The word he couldn't find was ``prohibitited.''
11.8.2006 9:31am
ksd:
Huh? How does a law that prohibits racial preferences require the admission of "lesser qualified whites, who will be less employable"? I'm not following you.
11.8.2006 9:32am
Virginia:
How much of the vote do you think can be explained by simple, plain, good ol' racism?

Given Kwame Kilpatrick's George Wallace impersonation, I'm inclined to think that a significant percentage of the anti-MCRI vote can be explained by simple, plain ol' racism against whites and asians. Fortunately, 58% of Michiganders are more tolerant and enlightened.
11.8.2006 9:38am
Spaceman (mail):
Lesser qualified than the whites currently enrolled. Presumably, this new group will underperform the current group of whites, and will be less desirable to employers.
11.8.2006 9:40am
Oren Elrad (mail):
Somehow I'm confident that they will be clever enough to find proxy variables to use as a stand-in for race . To remedy this, I suggest that in 2008, we pass a law forbidding UofM from expressing preference for any variable that has a correlation of better than one half with race or sex (e.g. x is forbidden if Cov[x,race]/(sigma_x*sigma_race) > 1/2)

That'll learn em!
11.8.2006 9:49am
poster child (mail):
As Scalia pointed out, if they want a more diverse class at UM law school, all they have to do is lower the overall academic standards until they can admit a diverse class without giving minority applicants special treatment.
11.8.2006 9:56am
Houston Lawyer:
So Michigan will now be under the same constraints as the California schools. It will be interesting to see how the demographics of the classes change.
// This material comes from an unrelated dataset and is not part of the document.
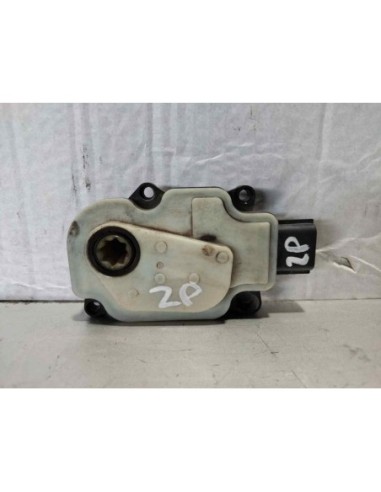 MOTOR CALEFACCION RENAULT ESPACE V - 278530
Qualified minorities will continue to be admitted. Those not qualified to go to Michigan will have to go to Harvard or Yale instead.
11.8.2006 10:11am
ksd:
Spaceman's comments assume a correlation between admissions standards and the "employability" of graduates. I don't believe any such correlation has ever been shown. In any case, the data I've seen suggests that Michigan law grads, regardless of race, aren't having trouble finding employment. I doubt that eliminating racial preferences in the admissions process would change that, and I'm certainly not aware of any evidence that suggests eliminating racial preferences in law school admissions is correlated with declines in employment among graduates. Even if that is the case, however, does it justify the use of such preferences?
11.8.2006 10:26am
Hans Gruber:
"Huh? How does a law that prohibits racial preferences require the admission of "lesser qualified whites, who will be less employable"? I'm not following you."

If the law school doesn't institute a socio-economic AA stand-in, then the decline in quality of the student body would be infinitesmal.

However, what will probably happen is that a new race blind AA based on socio-economic standing will take its place. To get anywhere near the "critical mass" of minorities, the university would have to lower standards for a greater proportion of students.

Simply put: A university prohibited from practicing racial AA can buy "diversity" by admitting underqualified non-URMS under a socio-economic program.
11.8.2006 10:35am
UMICH LAW:
David,

Posted below is Dean Caminker's statement e-mailed this morning to the law school. Perhaps you should update your post to read:

"One thing obviously missing from [both] President Coleman[ and Dean Caminker's statements] is a are commitment[s] to obey the law. Hopefully, she they will make it clear that future diversity efforts will be pursued in accordance with Michigan law. To his credit, Dean Evan Caminker of the law school made it clear many months ago that the law school intends to obey the law: "

——-

As many of you know by now, Michigan's ballot proposal 06-2, also known as the Michigan Civil Rights Initiative, has been approved by the electorate and will become law with an effective date likely in mid-December. This proposal amends the state constitution to prohibit affirmative action programs that give preferential treatment to individuals or groups based on race, gender, color, ethnicity, or national origin in the realms of public education, employment, and contracting.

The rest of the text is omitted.